L'écriture est donc un moyen de recyclage de l'âme qui se rêve éternelle et par là menace l'équilibre des mutations au principe même de la vie qui, en tant que fonction physique (au sens étymologique: fonction de naissance), repose sur la nécessité de mort. La mort n'étant jamais qu'un point de vue traduisant la déception d'une attente: celle de trouver quelque chose, un état des choses, là où advient et se montre un état des choses alternatif. Autrement dit la mort n'est qu'une interprétation spatiale qui fige la dynamique de métamorphose universelle et cherche à hypostasier de purs flux. Elle nous fait croire par exemple en la notion de substance -- consubstantielle au concept d'identité. Ce concept peut trouver une analogie en celui d'instant: aucune durée ne peut être reconstituée à partir d'instants. Cela ne nous empêche pas d'analyser sans cesse la durée en terme d'unités instantanées qui, pareilles au point géométrique, n'ont aucune existence réelle. 
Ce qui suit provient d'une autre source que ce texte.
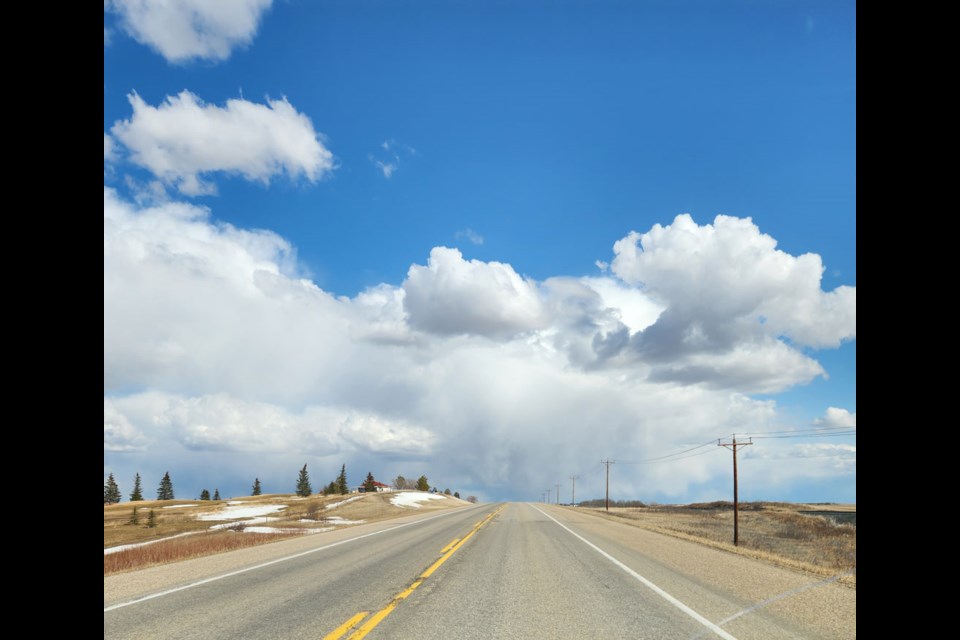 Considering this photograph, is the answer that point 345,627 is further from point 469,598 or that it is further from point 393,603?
point 469,598

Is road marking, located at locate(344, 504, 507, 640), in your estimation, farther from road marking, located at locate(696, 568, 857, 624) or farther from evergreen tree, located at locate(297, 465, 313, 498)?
evergreen tree, located at locate(297, 465, 313, 498)

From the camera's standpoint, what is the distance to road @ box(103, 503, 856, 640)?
7.79 m

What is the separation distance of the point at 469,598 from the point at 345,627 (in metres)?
2.75

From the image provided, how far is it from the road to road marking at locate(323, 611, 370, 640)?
26 millimetres

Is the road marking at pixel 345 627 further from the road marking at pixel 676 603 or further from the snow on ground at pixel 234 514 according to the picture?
the snow on ground at pixel 234 514

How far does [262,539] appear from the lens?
25344mm

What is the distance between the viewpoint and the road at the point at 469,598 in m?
7.79

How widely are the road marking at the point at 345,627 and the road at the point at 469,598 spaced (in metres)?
0.03

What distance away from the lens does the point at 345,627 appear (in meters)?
7.69

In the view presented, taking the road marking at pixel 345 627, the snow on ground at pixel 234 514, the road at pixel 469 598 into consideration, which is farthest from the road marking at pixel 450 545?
the snow on ground at pixel 234 514

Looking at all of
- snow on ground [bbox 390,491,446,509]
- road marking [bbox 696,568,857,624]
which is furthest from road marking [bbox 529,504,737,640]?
snow on ground [bbox 390,491,446,509] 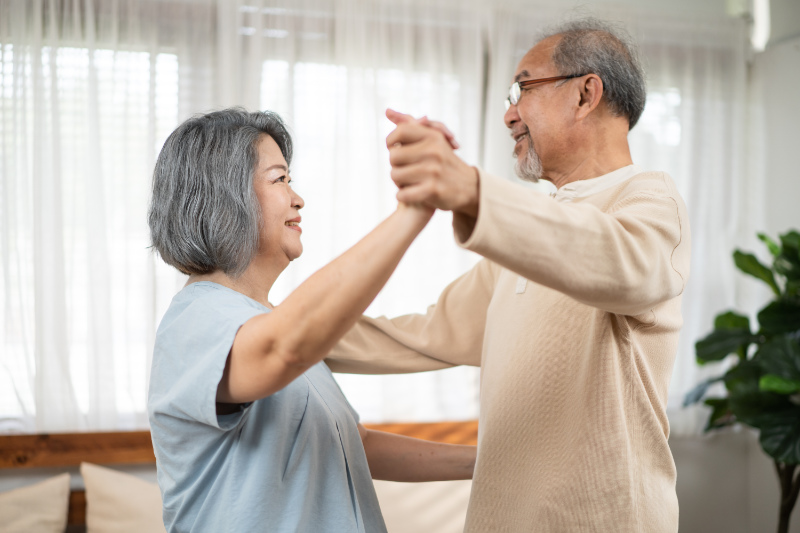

L'écriture est donc un moyen par lequel la nature réintègre malgré elle l'âme, que l'excès de conscience rend malade, dans le cycle temporel de la métamorphose, en lui laissant croire que, ce faisant, elle se rend effectivement éternelle à travers l'immuabilité des textes. L'âme a l'illusion de perdurer, l'illusion de l'ipséité à  travers la perfusion de ce qui constitue selon elle sa substance ou son essence, dans des signes qui ne sont rien en soi. Ces signes ne sont que des valeurs. Comme tels, ils doivent être interprétés, c'est à dire intégrés, digérés, transmués en une autre nature, en une autre conscience qui devient le prolongement déviant -- et d'une certaine manière nécessairement traître -- de ce fantôme pétrifié sous des formes littéraires. Seule un autre fantôme, tombant sur les traces de cet alter ego pourra infuser de sa temporalité les lettres mortes, l'espace figé en propos pétrifiés.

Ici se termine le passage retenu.